Il y a des corps que l'homme a trouvé le moyen de lancer et de diriger dans l'air, avec une vitesse qui défie celle des vents, au plus fort de l'ouragan. Ce sont les projectiles qui sortent des armes à feu et qui ont été utilisés comme moyens de transport, comme porte-amarres, etc. La poudre vient d'être appliquée récemment aux sonnettes qui servent à enfoncer les pieux. La charge d'un fusil suffit pour actionner un mouton de 180 kilogrammes. Que le lecteur ne sourie pas! Nous n'avons pas l'intention de le mettre à cheval sur un boulet ou sur un javelot ailé et de le lancer ainsi dans l'air, à la vitesse vertigineuse que produit l'explosion de la poudre ou celle d'un picrate quelconque; mais, en présence des effets foudroyants dus à la combustion instantanée et à l'explosion de certaines matières fulminantes, n'est-il pas permis de supposer que l'homme pourra fixer le régime de ces sources de forces, en rendre l'action continue et la régler enfin selon le but particulier qu'il se propose?

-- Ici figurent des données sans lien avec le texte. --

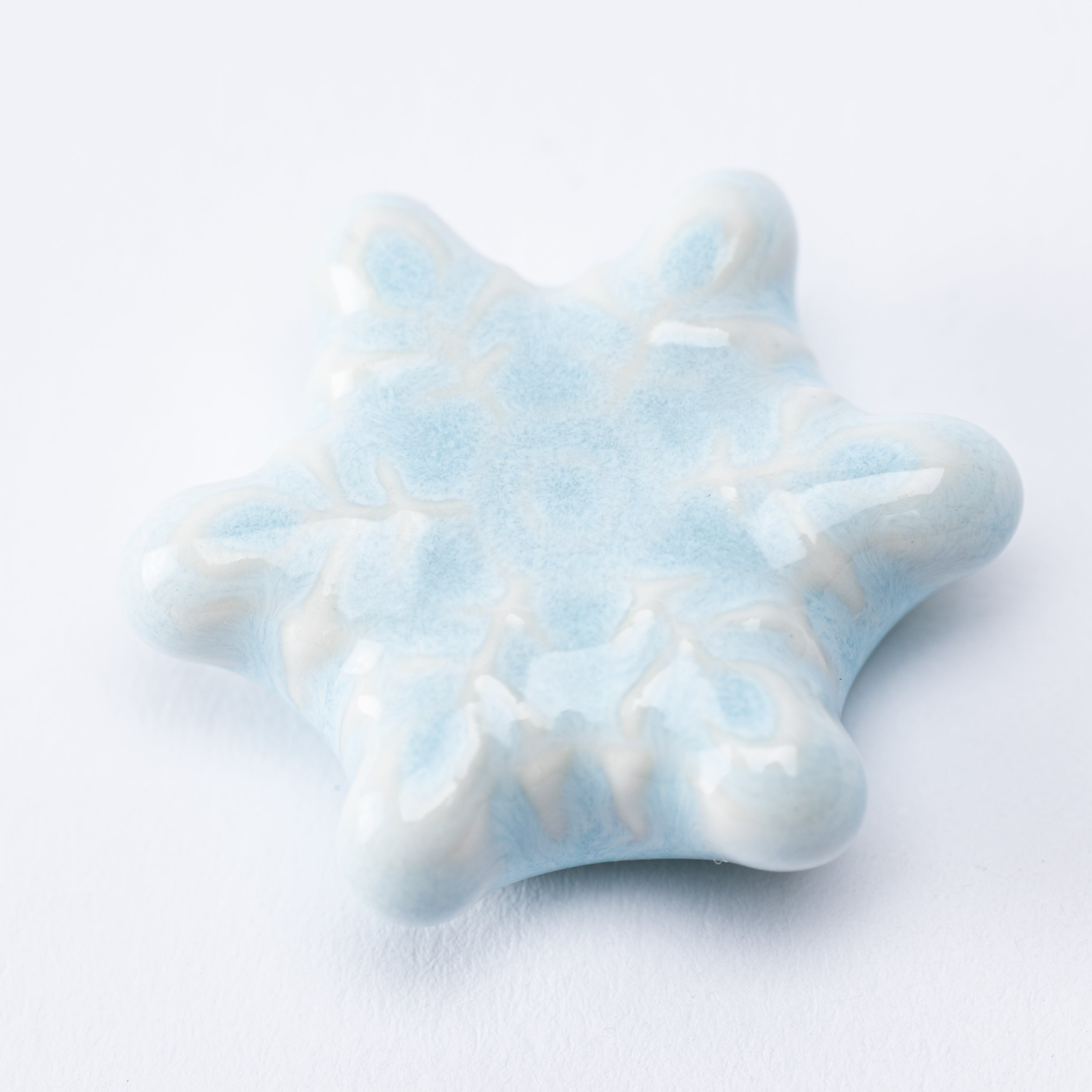 Reposapalillos con forma de copo de nieve en forma de estrella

L'homme doit-il prétendre lutter contre toutes les tempêtes de l'atmosphère? Nous ne le croyons pas. Ses efforts doivent tendre à triompher du vent, tant que son intensité ne dépasse pas certaines limites, à tirer parti des courants naturels de l'air, comme il le fait de ceux de la mer ou des rivières, ces chemins qui marchent, ainsi qu'a dit Pascal; mais il doit se résigner, quant à présent, à fuir les ouragans de l'air comme il fuit ceux de l'Océan, se rappelant sans cesse son infimité vis-à-vis du grand maître de la nature.